Lanka boosts security ahead of election

By Reuters, Colombo
Sri Lanka beefed up security for the island's two main presidential candidates on Thursday, mindful of a Tamil Tiger suicide bombing that nearly killed outgoing President Chandrika Kumaratunga ahead of her re-election in 1999.

Sri Lanka's two-decade civil war was halted by a 2002 truce, but relations between the government and the rebels are at their lowest ebb since then amid continued violence in the island's east, which is piling pressure on the ceasefire.

Kumaratunga lost an eye in the 1999 bombing, which political analysts say stirred a sympathy vote that helped her defeat main opposition leader Ranil Wickremesinghe, who is set to go head to head with Prime Minister Mahinda Rajapakse in a Nov. 17 vote.

"The Prime Minister has ... been provided a contingent of trained and experienced personnel from the Presidential Security Division," Kumaratunga's office said in a statement, adding that both candidates had been given additional security and vehicles.

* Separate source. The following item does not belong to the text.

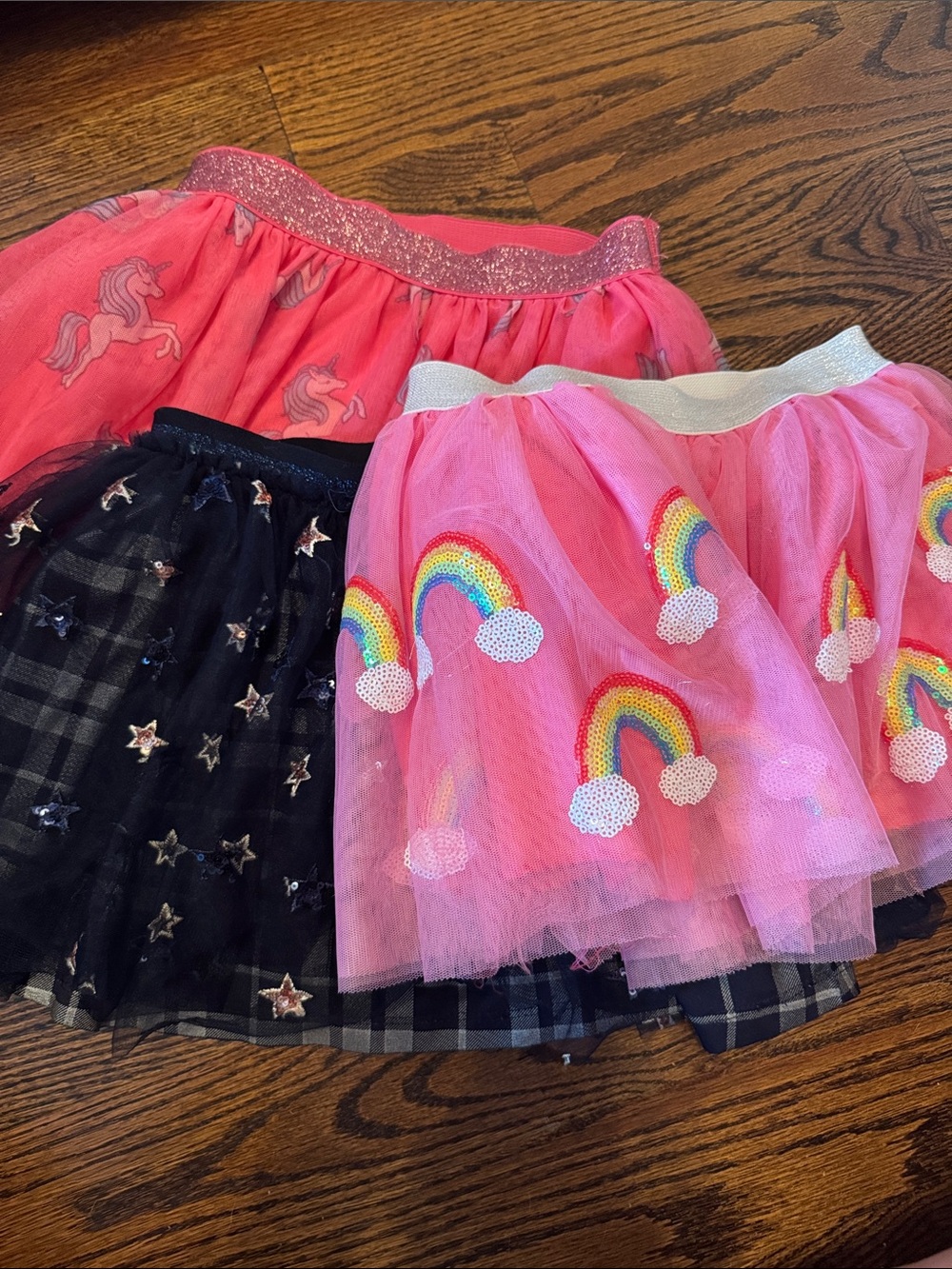 Girls Rainbow & Unicorn Tulle Skirts - Pink, Coral, Black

Rajapakse has pledged to take a tough line on the Tigers if elected and has ruled out their demands for a separate homeland and self-rule, which political analysts say makes him the Tigers' No.1 foe.

Sri Lanka is already under a state of emergency following the August assassination of Foreign Minister Lakshman Kadirgamar, which the government blames on the Liberation Tigers of Tamil Eelam.

The European Union last month condemned Kadirgamar's murder and barred the Tigers from visiting its member states, saying it was considering listing the group as a terrorist organisation.

How to forge peace with the Tigers is a central election issue that is overshadowing efforts to jumpstart stalled efforts to convert the truce into permanent peace.

However, observers expect the ceasefire to hold, and say that any return to a full-scale war that killed more than 64,000 people and displaced hundreds of thousands more from their homes is unlikely.